True story. However, this is partially because the build processes or so tightly coordinated that when one does stop, the others have no choice but to stop and wait. The line at Cambridge moves so that a Corrolla/Matrix can roll off every minute, unless something goes wrong. and MOST of the time, they make it. It’s impressive.
FWIW toyota is taking a bath too with the new Tundra. They invested a boat load of money into that new factory. Honda has been taking shit for years from American journalists and public about no pickup and no V8s. They had foresight to invest elsewhere when other manufacturers did not. The japanese niche was always cars. At least GM and Ford can dip into their Euro model range for small cars. Chrysler doesnt have that luxury altho there was suppoused to be a deal with Nissan about Nissan making small cars for Chrys and Chrysler making trucks for Nissan.
^ good point. Never really thought about it but Chrysler isn’t as global as Ford and especially not as much as GM. They really don’t have too many options at all for small cars. And look where that got them lol.

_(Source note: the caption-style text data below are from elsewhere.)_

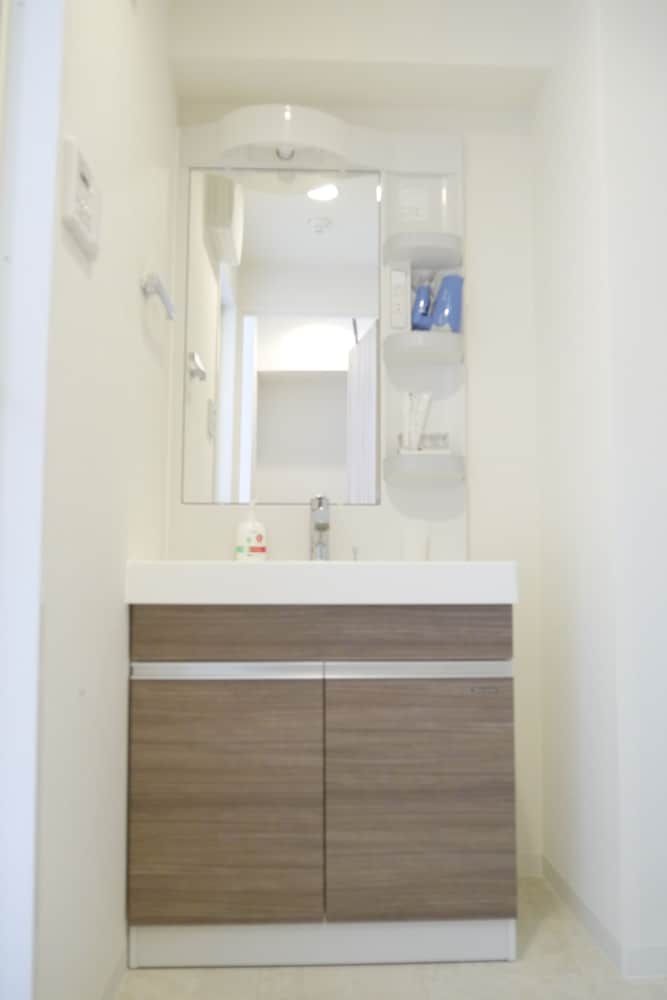 meet Me Umedanishi Deluxe Double Room 16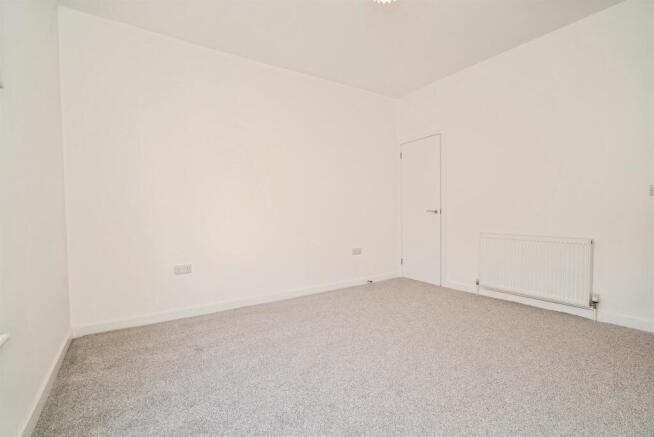 3 bed Semi-Detached for sale Image 11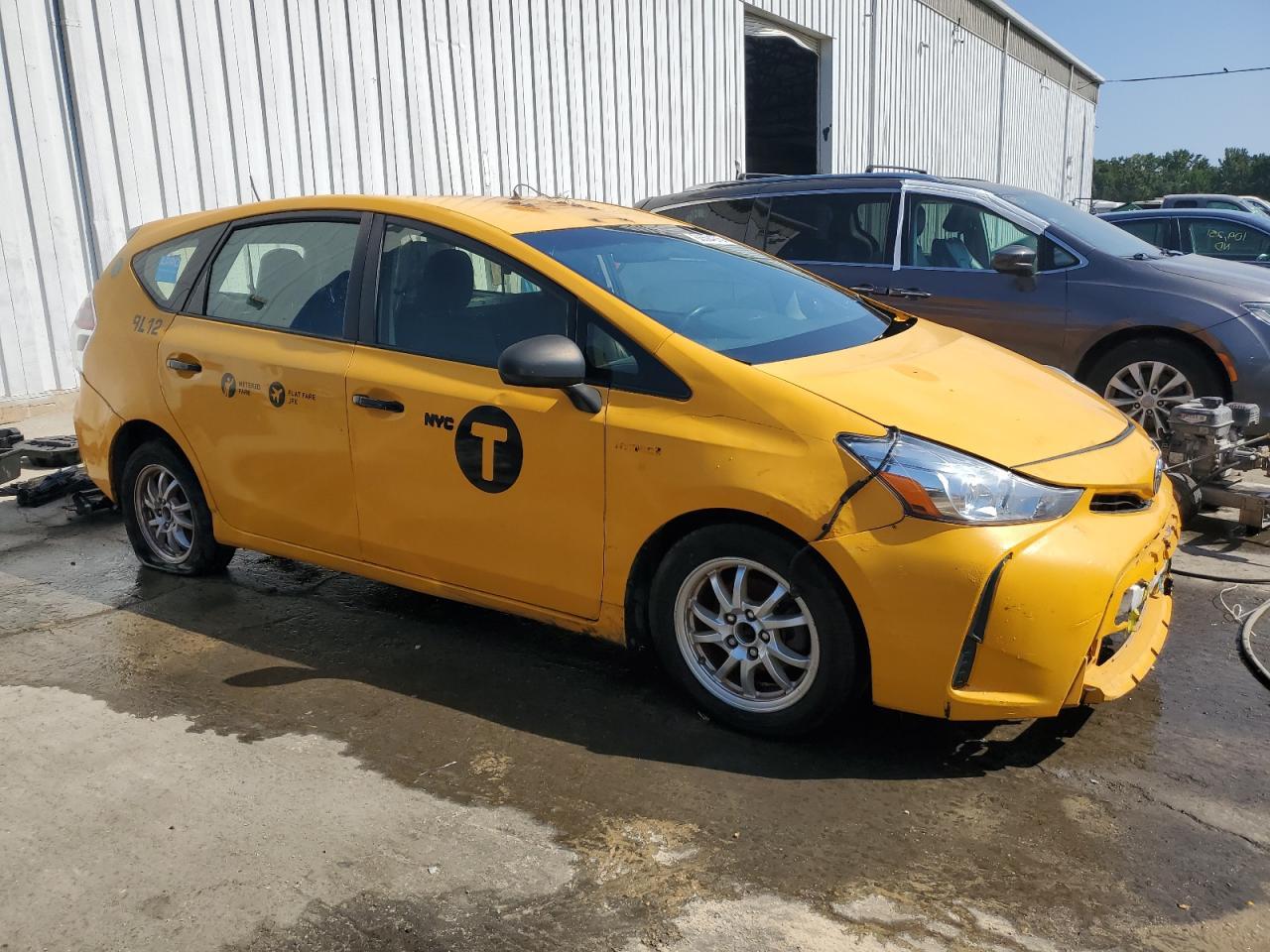 2016 Toyota Prius V - Image 4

But Toyota was smart enough to diversify their lineup. They came out with a new Tundra but covered their bets by also updating their new car lines and working big time on hybrids. Yeah, the new Tundra may be a money loser in the short term while gas prices peak but they’ll be able to ride that out using the profits from their gas misers. People will buy the Tundra because some people simply need a big truck. It probably won’t ever meet the volume projections they made back when the decision was made to spend all the money to redesign it though.

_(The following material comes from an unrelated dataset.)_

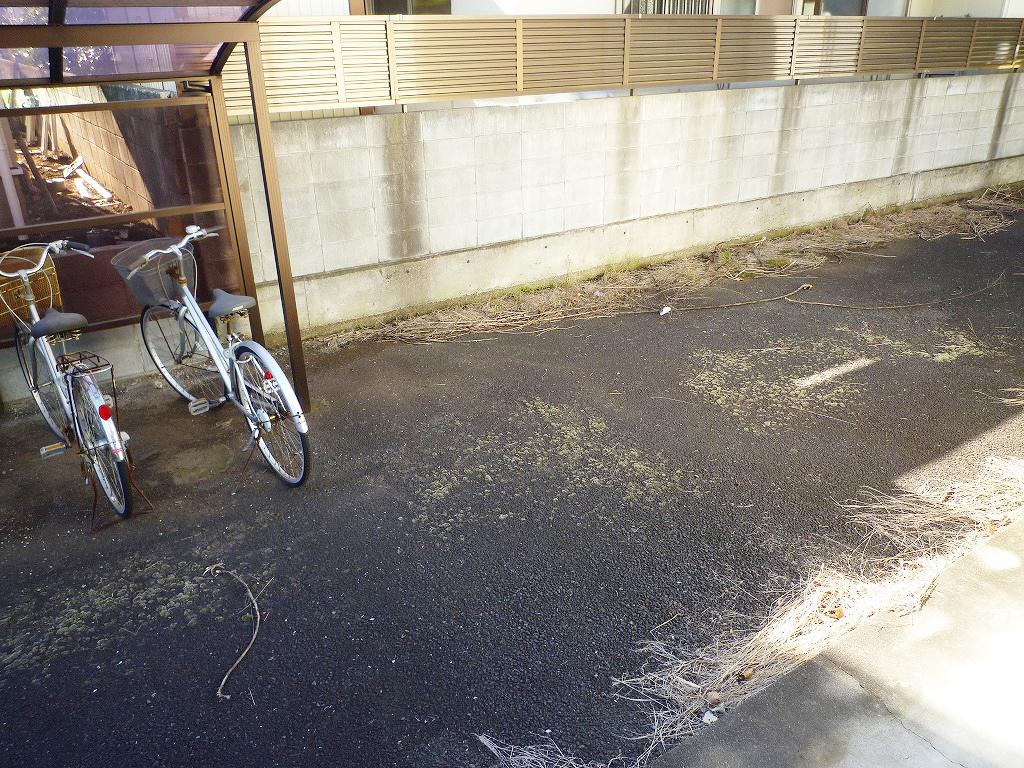 その他共有部分　屋根つきの駐輪場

It’s like any investment. Long term the diversified portfolio almost always wins. The big three loaded up on SUVs/trucks and reaped the profits while gas was cheap, but lost out when gas went up.
Chrysler used to have tons of options for small cars… that was a large majority of what they made for the 80s and 90s… what i want to know is who though it was a good idea to axe the neon from a sales standpoint.
Brian
Actually people are still buying Tundra’s/Sequoia’s. 0% for 60 months helps a lot.
Ah yes, the GM way of thinking. Lose money long term to make it look like you’re making money this quarter.
:tup: :picard:
35k @ 6.9% for 60 months = $6250 in interest. Drop that to 0% and you’re pissing away $6250 in profit. But it looks good on the books this month because you sold a 35k truck and get to spread that loss out over 60 months. Bottom line though, it’s still a loss. This is the kind of thinking that got GM stock down so low.
When a manufacturer offers huge rebates and 0% for extended term that vehicle isnt selling well. Not only does the captive finance co lose potential income like J said, the F&I department at the dealer isnt making any money either. Having to give away cars on the front end plus no markup on the financing = no profit for the dealer.
Ironic, they stopped something that did so well for them. Went back to business, and ended up right back where they started in the 80s.
Speaking of Chrysler, they announced 1000 more job cuts. I think they might have 2 or three guys left after this :shrug:
http://www.bloomberg.com/apps/news?pid=20601087&sid=azweFsM0awQs&refer=home
^ It seems like the big three and the airlines are in competition to see who can lay off more people.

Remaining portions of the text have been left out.